13 May Exodus (1960)
Stalled Ship
I wonder what damage we are doing to ourselves by writing false history.
All history is fictional. It must be because it abstracts single narratives from the hubbub of life. We hope that the narrative models something that can be traced back to facts, can be proved to be what we call true.
But movies, popular movies I mean, have so many constraints on narrative that by the time we get through tumbling the story, we end up with an attractive enough narrative. But it floats above reality with very little connection. Yet this is how we see the world.
Here we have an interesting story. The real story I mean, a story about men determining that a nation should exist, a nation in the modern sense, and then doing whatever necessary to bring that about.
This has happened hundreds, thousands of times, and may be the primary force in how we see ourselves. Looking at this one case is a great opportunity to examine what an artificial thing nationhood is, to highlight the effort, the yearnings to establish and resist the meme.
But Hollywood wants human drama instead. Love stories. Attractive leads (no, never dark). Unambiguous motives. Goodness must exist somewhere and drive the story, necessitating evil somewhere else.

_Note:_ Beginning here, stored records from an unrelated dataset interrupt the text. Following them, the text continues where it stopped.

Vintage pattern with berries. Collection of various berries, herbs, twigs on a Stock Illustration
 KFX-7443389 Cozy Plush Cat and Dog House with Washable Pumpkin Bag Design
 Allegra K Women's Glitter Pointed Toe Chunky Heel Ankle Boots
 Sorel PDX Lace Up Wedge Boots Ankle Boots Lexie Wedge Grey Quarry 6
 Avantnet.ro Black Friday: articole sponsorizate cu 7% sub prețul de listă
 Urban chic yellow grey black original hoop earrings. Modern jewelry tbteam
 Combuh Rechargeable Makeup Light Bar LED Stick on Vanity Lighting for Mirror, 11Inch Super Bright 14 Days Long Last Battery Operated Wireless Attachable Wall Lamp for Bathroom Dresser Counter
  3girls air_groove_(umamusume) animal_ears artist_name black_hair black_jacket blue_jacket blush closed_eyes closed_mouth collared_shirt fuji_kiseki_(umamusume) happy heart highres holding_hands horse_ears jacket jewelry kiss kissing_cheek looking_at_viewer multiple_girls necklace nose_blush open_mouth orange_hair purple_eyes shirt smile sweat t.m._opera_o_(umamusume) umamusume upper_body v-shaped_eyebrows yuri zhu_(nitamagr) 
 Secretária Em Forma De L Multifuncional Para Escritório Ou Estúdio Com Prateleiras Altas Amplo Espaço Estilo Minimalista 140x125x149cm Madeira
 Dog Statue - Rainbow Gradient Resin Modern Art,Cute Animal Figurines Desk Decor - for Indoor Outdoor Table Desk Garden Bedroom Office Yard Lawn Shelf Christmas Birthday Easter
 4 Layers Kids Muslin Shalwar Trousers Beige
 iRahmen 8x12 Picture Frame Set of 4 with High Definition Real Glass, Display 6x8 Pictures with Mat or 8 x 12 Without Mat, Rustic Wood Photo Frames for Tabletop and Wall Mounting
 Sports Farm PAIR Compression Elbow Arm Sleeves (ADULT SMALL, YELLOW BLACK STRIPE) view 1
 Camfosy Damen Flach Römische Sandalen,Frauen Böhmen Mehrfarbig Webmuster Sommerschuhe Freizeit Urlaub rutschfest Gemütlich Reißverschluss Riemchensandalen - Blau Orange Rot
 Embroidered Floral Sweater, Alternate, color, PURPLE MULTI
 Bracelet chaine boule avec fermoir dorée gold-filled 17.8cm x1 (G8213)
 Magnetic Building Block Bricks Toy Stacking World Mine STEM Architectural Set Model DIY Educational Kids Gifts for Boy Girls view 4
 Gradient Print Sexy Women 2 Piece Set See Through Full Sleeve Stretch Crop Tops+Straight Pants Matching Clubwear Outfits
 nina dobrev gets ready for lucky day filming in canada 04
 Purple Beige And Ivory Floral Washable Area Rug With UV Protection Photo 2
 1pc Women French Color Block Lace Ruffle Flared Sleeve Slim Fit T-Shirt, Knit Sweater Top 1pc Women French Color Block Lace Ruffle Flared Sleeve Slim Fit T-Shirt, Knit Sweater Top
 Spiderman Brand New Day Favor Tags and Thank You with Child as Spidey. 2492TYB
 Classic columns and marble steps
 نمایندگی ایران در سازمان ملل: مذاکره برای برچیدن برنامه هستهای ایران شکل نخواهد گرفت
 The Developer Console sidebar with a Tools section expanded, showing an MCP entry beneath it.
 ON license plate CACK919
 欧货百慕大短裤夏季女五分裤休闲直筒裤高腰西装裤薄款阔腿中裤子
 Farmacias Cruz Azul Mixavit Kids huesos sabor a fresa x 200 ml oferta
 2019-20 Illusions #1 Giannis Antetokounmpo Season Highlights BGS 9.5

In the end, this movie is something like “Schindler’s List”, slick production, competent storytelling on the human side, an ennobling association. And very bad history. A very damaging simplification, taking away all the things we might learn if we were confronted with real art.
So one might watch this for lessons in the history of film rather than the history of societies.
And that is a pretty interesting story. Preminger was an intelligent filmmaker. The year before, he made the remarkably astute “Anatomy of a Murder”. It was a small story, with all sorts of cinematic richnesses: amazing staging and few good performances.
Meanwhile at this time, David Lean was a hack, producing big, bold Hallmark greeting cards. Yet Preminger makes this empty, boring, incoherent mess of posturing posing as nobility. And Lean makes a glorious essay on the essentially the same subject that has scope as wide and ambiguous as the random formation of a nation. Interestingly, it happens to be more or less the people depicted here as savages.
Well, yes, I suppose. And I suppose they still are, but how hollow this film seems. How true ‘Lawrence of Arabia’ seems. How history is written!
Posted in 2005
Ted’s Evaluation — 1 of 3: You can find something better to do with this part of your life.